Publié le 21 Oct 2014 - 13:12
AFFAIRE HABRE

La partie civile demande la tenue du procès

 

Pour Me Jacqueline Moudeina et Cie, le rejet de l’entraide judiciaire de l’Etat tchadien ne doit pas constituer un frein à la tenue d’un procès équitable pour Hissein Habré.

 

Après les Chambres africaines extraordinaires (CAE), c’est au tour des avocats des victimes du régime de Hissein Habré de monter au créneau pour dénoncer le rejet par le Tchad de l’entraide judiciaire. Saisi par la commission d’instruction des CAE pour le transfèrement de Saleh Younouss et Mahamat Djibrine dit «El Djonto», deux coïnculpés de l’ex-président tchadien en détention préventive à N’Djamena, le Tchad a rejeté la demande des juges sénégalais.

Pour Me Jacqueline Moudeina et ses confrères, ce refus ainsi que le rejet d’une demande de commission rogatoire «montrent le mépris du Tchad pour les Chambres et le mandat de l’Union africaine». A l’analyse de la situation, le collectif considère que cette démarche du Tchad n’est pas le seul acte posé par le régime d’Idriss Déby à l’encontre de la justice. Les avocats font remarquer «qu’après un an de promesses non tenues, les autorités tchadiennes ont ralenti la procédure, montrant ainsi qu’elles ne respectent pas la justice africaine et internationale».

«Habré, principal responsable des abus massifs»

Cependant, les conseils des victimes estiment que «le non-transfèrement des complices de Habré ne doit plus retarder la tenue du procès à Dakar». Les robes noires avancent comme argument le fait que l’ex-président «est le principal responsable des abus massifs commis pendant son régime». Il s’y ajoute que «l’objectif de la longue lutte des survivants, des veuves et des orphelins a toujours été de traduire en justice Hissein Habré, le chef de l’Etat, qui dirigeait la répression». C’est pourquoi ils exhortent les CAE «à aller de l’avant et montrer l’exemple en jugeant l’ancien dictateur».

Sur un autre volet, le collectif reste sceptique quant à la réelle volonté du Tchad de juger les présumés complices de Habré. La preuve, les avocats font remarquer qu’aucune poursuite n’a été initiée contre les «anciens tortionnaires» depuis qu’une plainte a été déposée contre ces derniers devant les juridictions tchadiennes.

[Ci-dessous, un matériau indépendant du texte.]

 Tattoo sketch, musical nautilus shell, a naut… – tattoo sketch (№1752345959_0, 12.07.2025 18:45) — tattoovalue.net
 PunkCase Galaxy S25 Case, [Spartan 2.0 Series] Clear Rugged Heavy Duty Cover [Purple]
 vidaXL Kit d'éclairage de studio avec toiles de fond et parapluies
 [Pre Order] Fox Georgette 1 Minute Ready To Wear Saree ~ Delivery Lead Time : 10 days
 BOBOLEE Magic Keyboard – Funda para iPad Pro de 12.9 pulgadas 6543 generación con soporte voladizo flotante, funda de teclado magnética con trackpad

C’était en 2000. «En dépit des insistances de leurs avocats et des organisations de défense des droits de l’Homme», note le communiqué.

Ainsi, loin d’être enflammés par les promesses de N’Djamena, les conseils des victimes font savoir qu’ils «ne veulent pas d’une procédure expéditive, comme cela semble se profiler, mais de procès justes, équitables et transparents». Ils invitent le gouvernement tchadien «à aller de l’avant et traduire en justice ces deux individus, inculpés pour les mêmes faits au Tchad et en détention à N’Djaména, ainsi que tous les autres complices de Habré, dans le respect des standards internationaux et de la procédure pénale ».

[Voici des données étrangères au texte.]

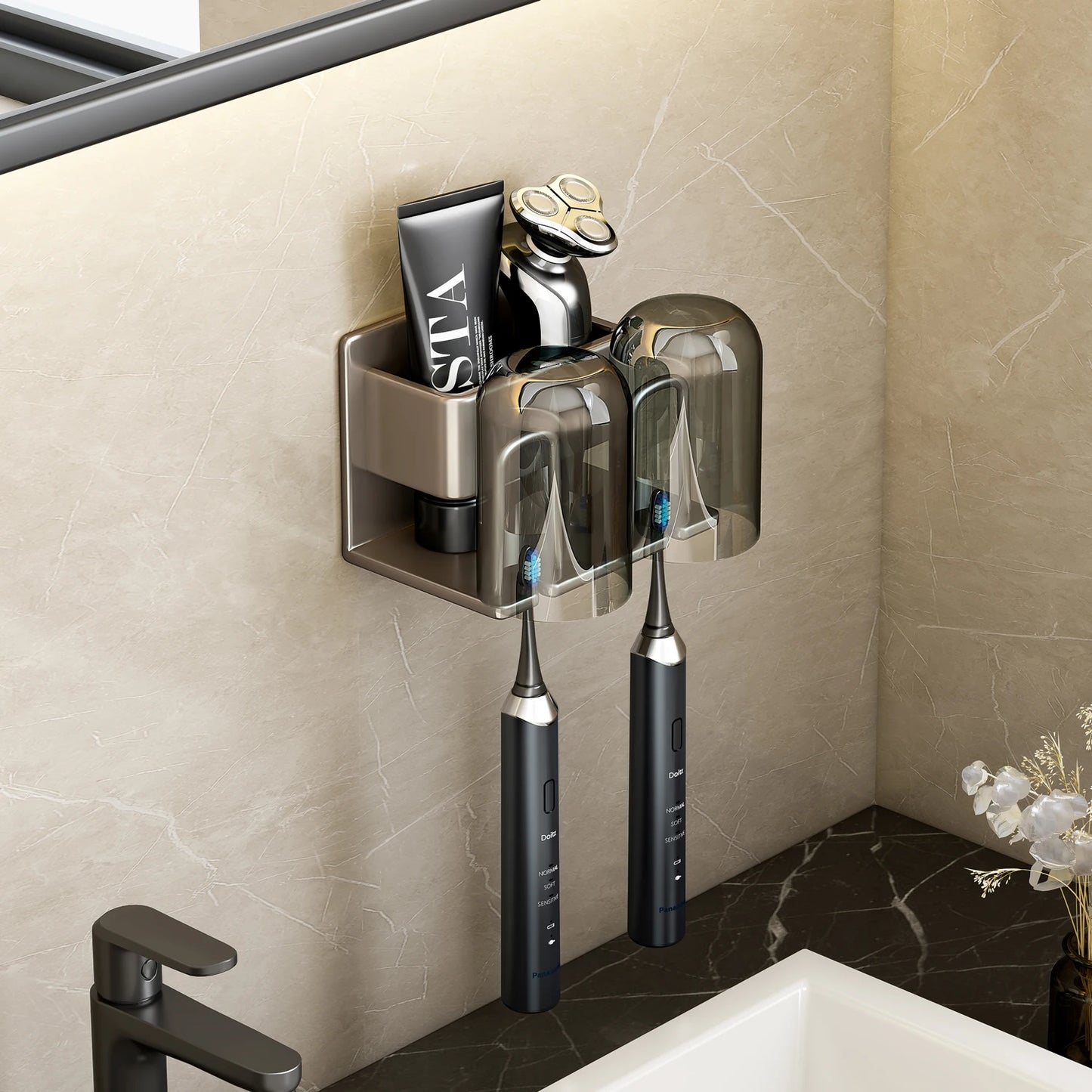 Metal Toothbrush & Toothpaste Holder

Me El Hadj Diouf : « il n’y aura jamais de procès »

Si les avocats des victimes de Hissein Habré semblent habités par le doute, ce n’est pas le cas de Me El Hadj Diouf. Le conseiller de l’ex-président tchadien est formel. Il reste persuadé qu’avec ou sans cette attitude de N’Djamena, il n’y aura jamais de procès. «Comme je l’ai toujours dit, il n’y aura et il ne peut y avoir de procès. La procédure n’a même pas démarré», a tranché Me Diouf au téléphone d’EnQuête. «En droit, le complice emprunte la criminalité de l’auteur et en l’espèce, Habré n’est qu’un complice. Or les vrais coupables ne seront jamais traduits». A ses yeux, l’actuel président Idriss Déby a voulu faire du «maquillage» et du «cinéma» en procédant à l’arrestation de deux personnes uniquement. «Comment deux personnes peuvent-elles tuer 40 mille personnes ? C’est insensé», s’est interrogé notre interlocuteur.

S’attaquant encore une fois au président tchadien, Me Diouf estime que «si tout se passe bien, c’est Déby qui devrait être inculpé et jugé. Et qu’il n’y aura pas de procès tant qu’il ne sera pas arrêté». Mais par la force des «ONG de défense des droits de l’Homme qui ont fait de cette affaire un fonds de commerce, c’est le héros national Hissein Habré qui est inculpé».